Hokay. There's a site called lanternnet.com that seems pretty good. Here's their diagram of the sort of lantern that we've got. It was invented, and still made, by the Deitz Co., but ours sure wasn't.



This shows how air from the top of the lantern is pulled down through the hollow supports to feed the flame, but there also seem to be subtleties that it ignores, like that draft down along the glass. This might be there to keep the glass cool, or to keep it clean. In any case, there are about a million little ports and screens and things on one of these, and I suppose they each contribute to producing a lovely light. And if you keep it turned down, it'll keep going all night.


It would be a real pain to fill every day, though, and even with the deodorized fuel it smells like something's on fire, which of course it is. Electric lighting was an awfully good deal in so many ways. It's one of those developments that we've lived with for so long that even the most appreciative of us can't truly grasp its impact: bedrooms no longer need to be ventilated to allow for combustion air. Libraries can stay open at night (yes, the fire hazard was simply too great, and even Harvard closed down @ local sunset.) Jobs like illuminating engine rooms and paint factories and mines became simple. Even architecture changed, since you didn't need to have such big windows for the highly-touted 'natural light.' Natural light was not only good because it had a spectrum that you could see by, but it didn't flicker, a quality that you can't get from any combusting-type lamp. But with a 60W reading lamp in a desk fixture in 1920, you were set. Just pay the bill when necessary and sit and study: no chimney cleaning, no spilled kerosene, no concerns about fuel quality.

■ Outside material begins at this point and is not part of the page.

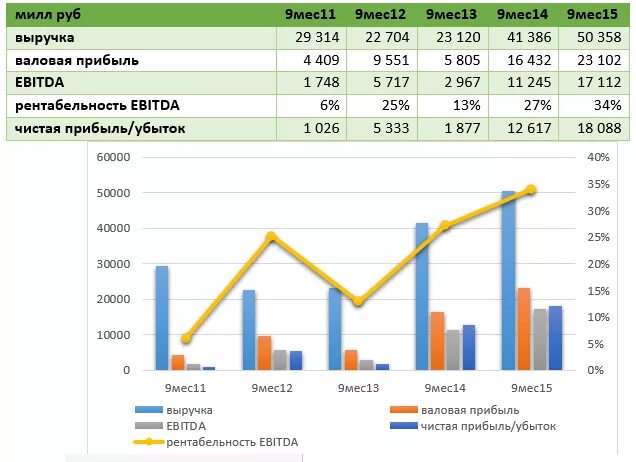 Выручка и прибыль на графике. Выручка и Валовая прибыль. График чистой прибыли и выручки. Диаграмма выручка прибыль. Валовая прибыль за год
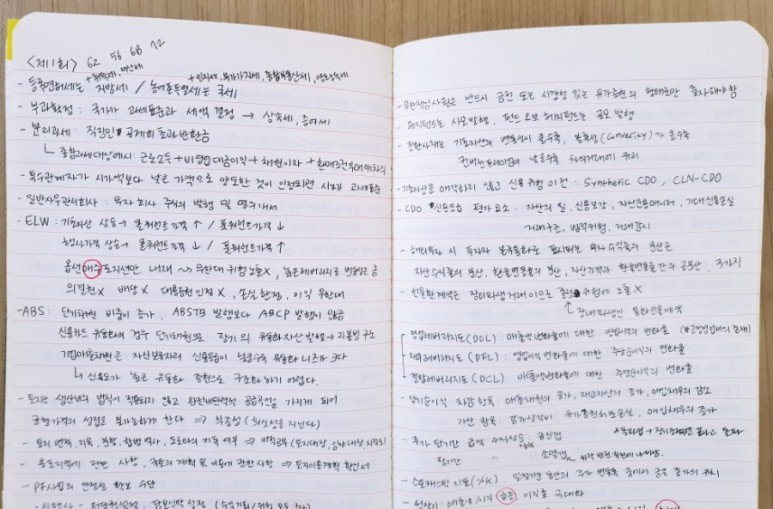 시대고시 투자자산운용사 2020 투자자산운용사 독학 83점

That last was important, too. Kerosene was distilled from crude oil, just as it is now, but you couldn't guarantee that what you bought from the barrel at the general store didn't have a high proportion of gasoline in it, the vapors from which would blow up your house. John D Rockefeller, early oil man, recognized the problem, and made his fortune selling his high-quality kerosene in sealed cans. It was made to a high standard, hence the name Standard Oil, and you can supposedly find the steel from the cans integrated into the structure of century-old huts in newly-discovered villages in the mountains of central Asia. Lemme see if I can find a picture of the can, which I've read about but never seen.


...boy, there is nothing. I will see if there's something at the Exxon website...

Well, nothing there, either. I will check. It's odd that there's not a bit of evidence of one of the most common items of commerce ever sold. I read that the Bedouins or someone used to build shelters out of the stacked cans.